Brief descriptive captions
== Segment start ==

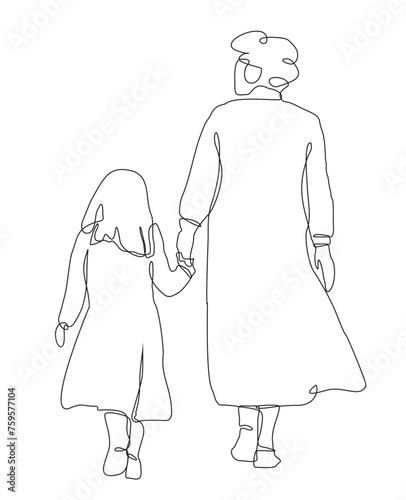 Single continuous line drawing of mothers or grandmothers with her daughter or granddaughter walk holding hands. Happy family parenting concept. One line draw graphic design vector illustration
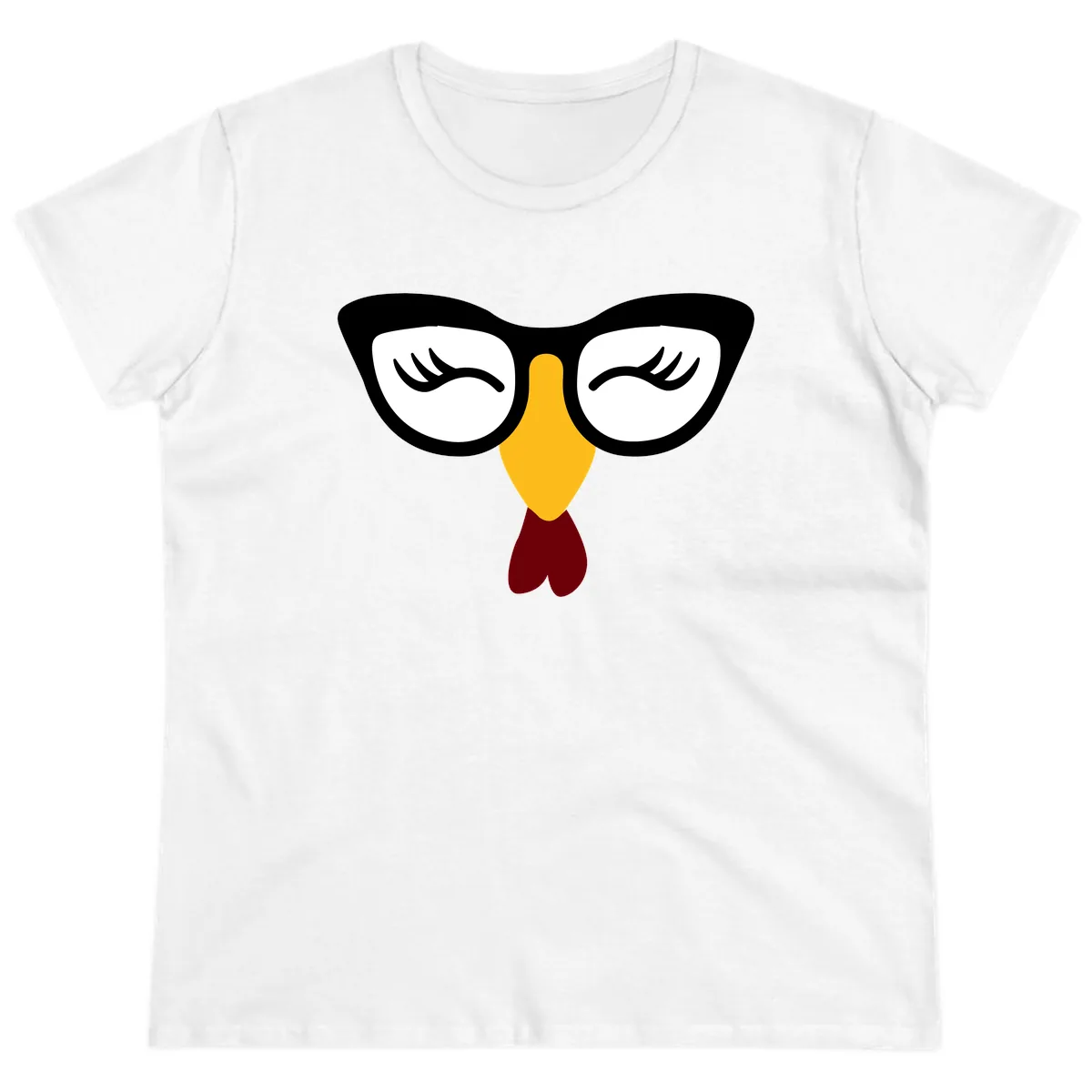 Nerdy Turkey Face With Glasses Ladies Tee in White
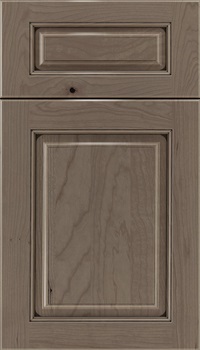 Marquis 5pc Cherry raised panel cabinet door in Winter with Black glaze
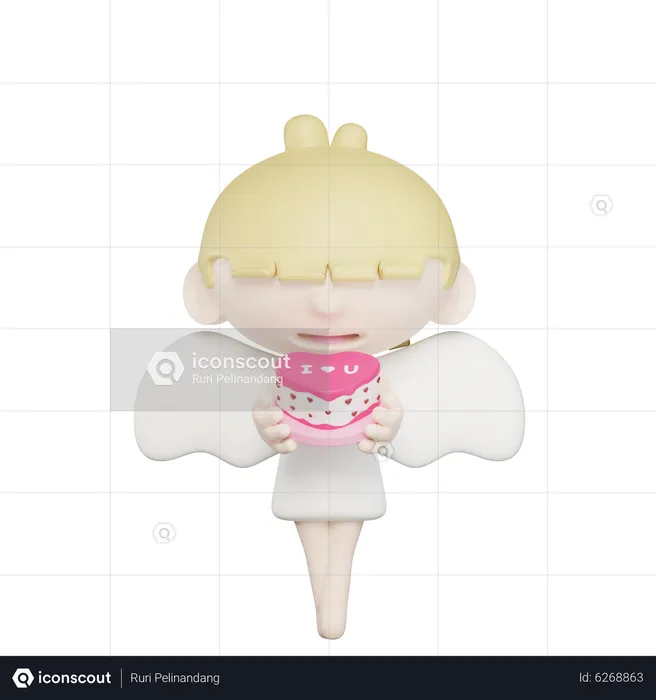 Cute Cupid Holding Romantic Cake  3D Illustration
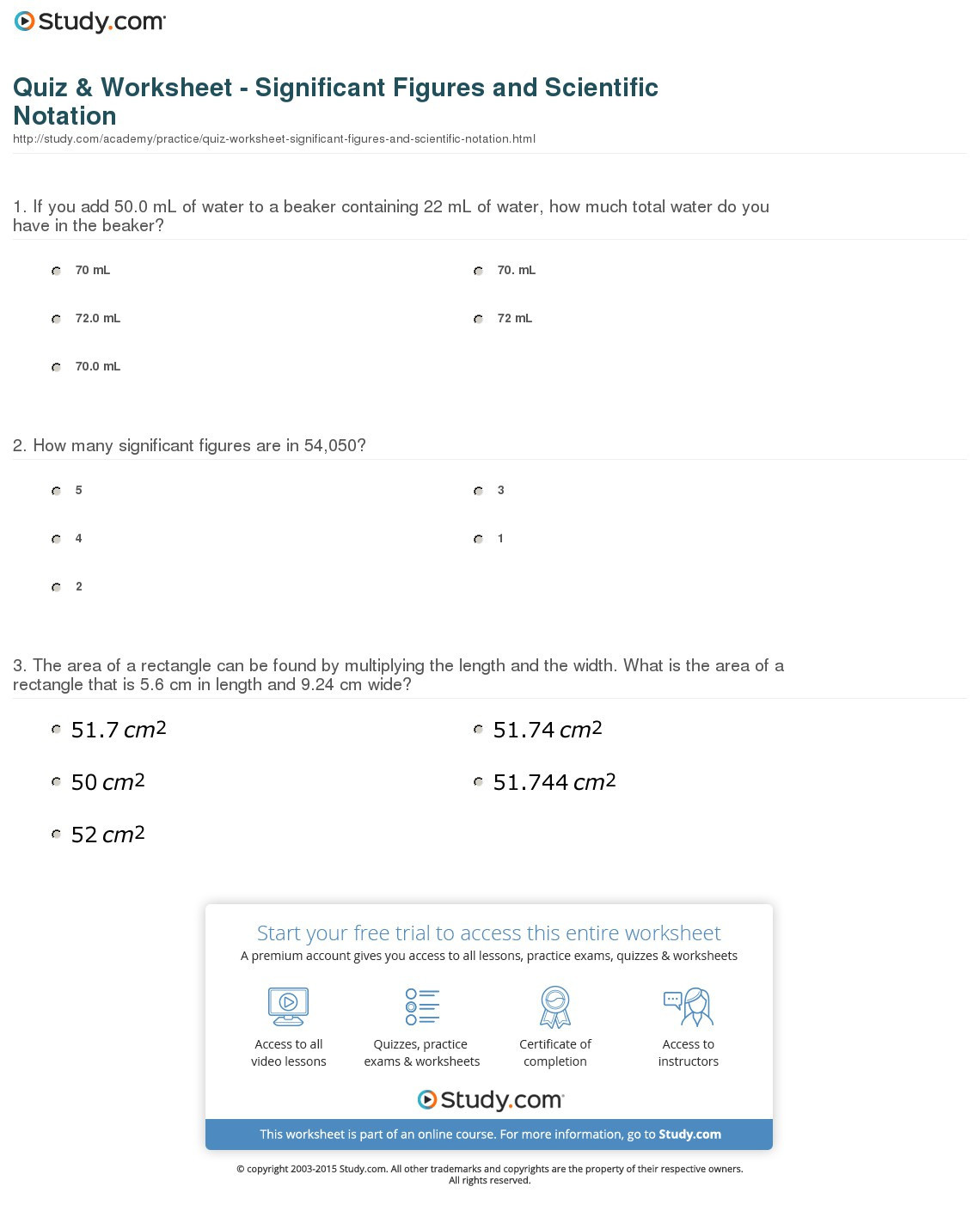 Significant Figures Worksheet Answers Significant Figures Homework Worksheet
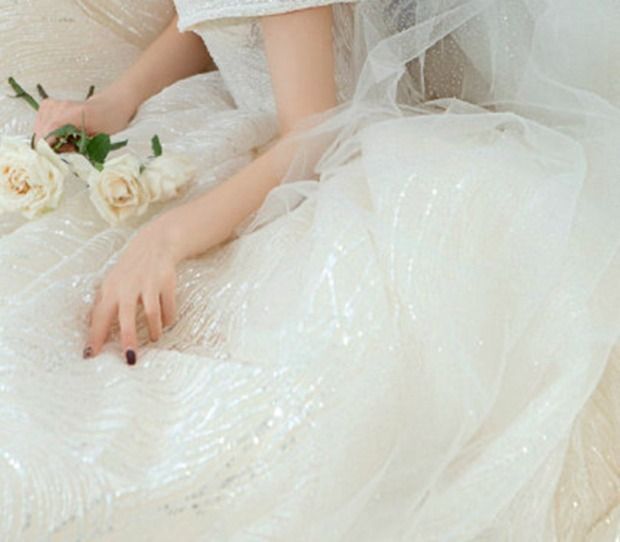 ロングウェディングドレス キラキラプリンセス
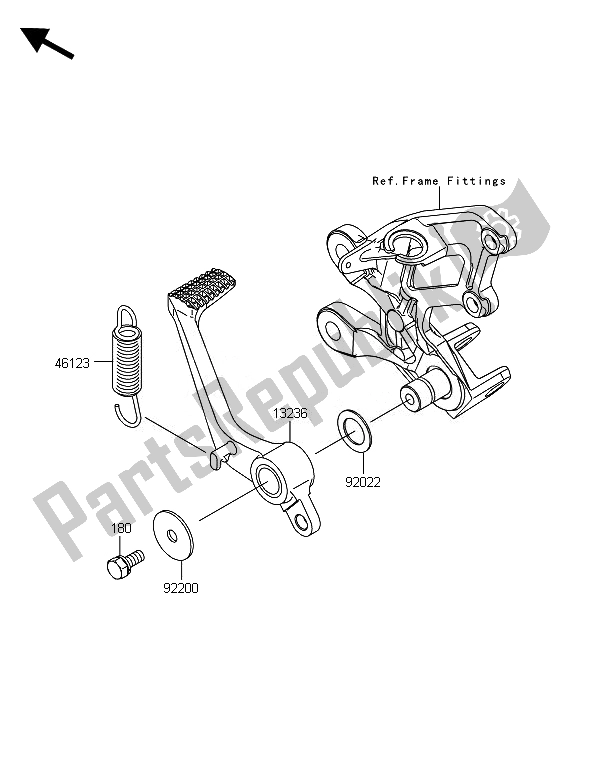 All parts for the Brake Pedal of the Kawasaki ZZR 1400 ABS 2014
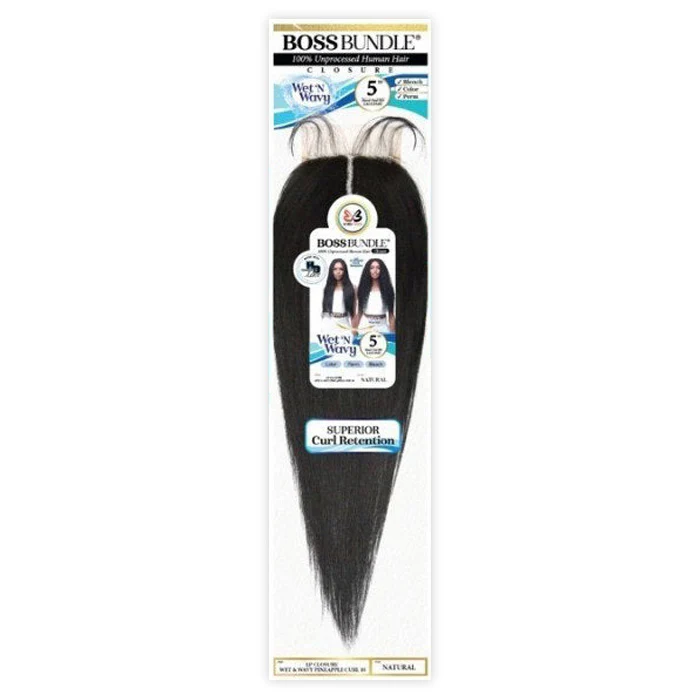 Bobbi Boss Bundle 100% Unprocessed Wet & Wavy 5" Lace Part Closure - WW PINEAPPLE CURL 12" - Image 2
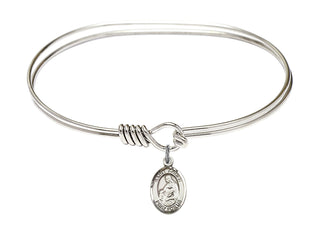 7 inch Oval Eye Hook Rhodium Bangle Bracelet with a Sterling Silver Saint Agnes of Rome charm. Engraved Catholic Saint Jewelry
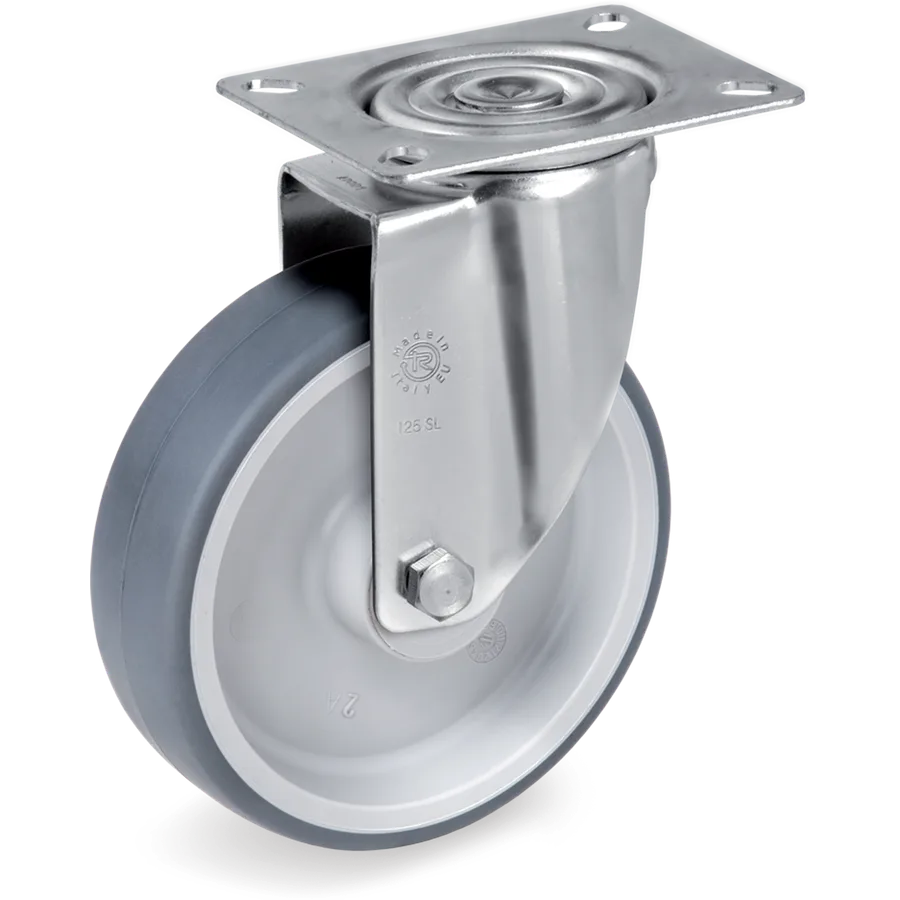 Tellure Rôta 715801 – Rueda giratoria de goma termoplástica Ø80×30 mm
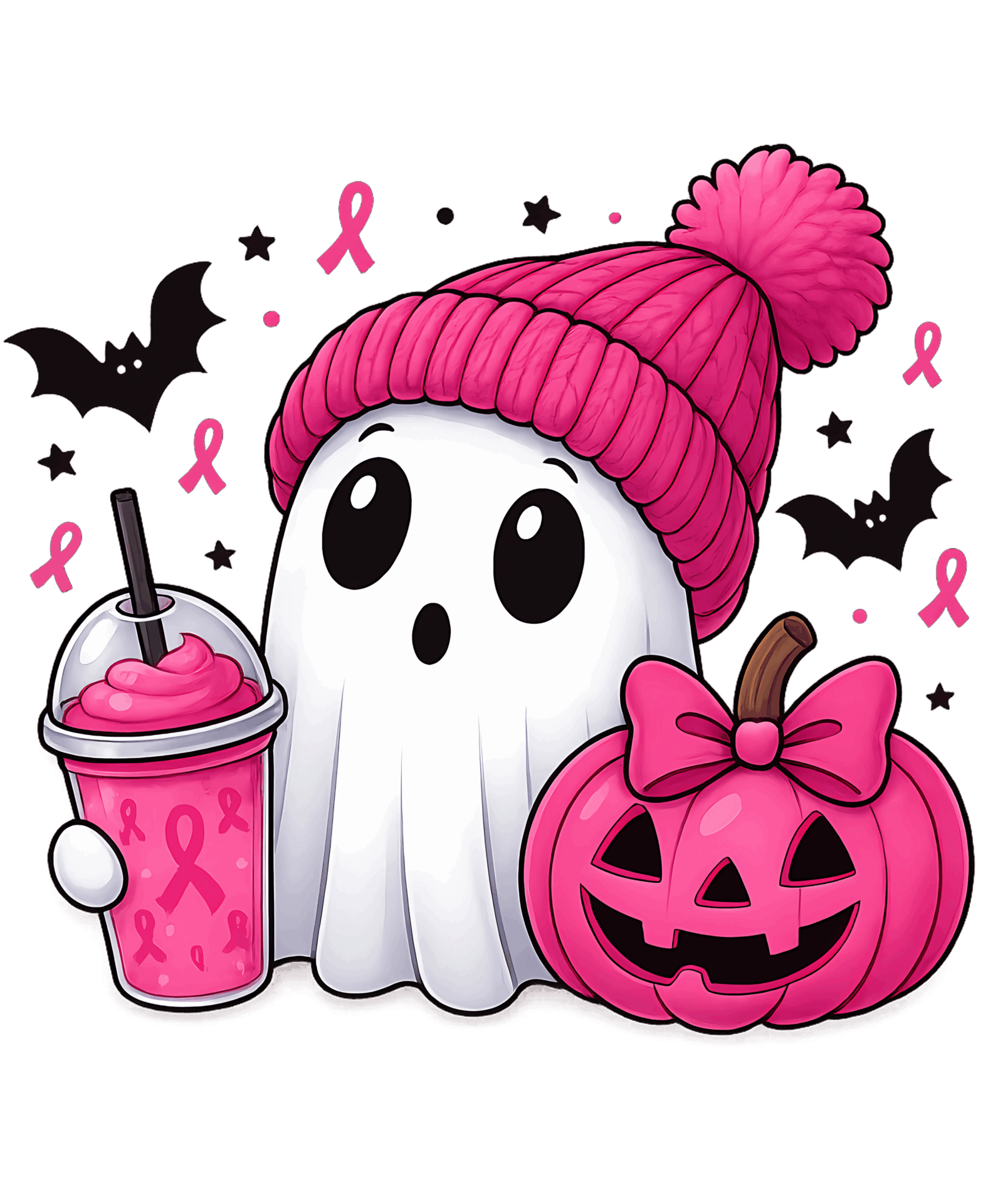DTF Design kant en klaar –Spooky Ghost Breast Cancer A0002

== Segment end ==

• **Task to carry out**
Starting at the line that contains "7 inch Oval" and ending at the final line of the data, reproduce each line exactly. Pictures stay out of the copy.

• **Completed exercise**
 7 inch Oval Eye Hook Rhodium Bangle Bracelet with a Sterling Silver Saint Agnes of Rome charm. Engraved Catholic Saint Jewelry
 Tellure Rôta 715801 – Rueda giratoria de goma termoplástica Ø80×30 mm
DTF Design kant en klaar –Spooky Ghost Breast Cancer A0002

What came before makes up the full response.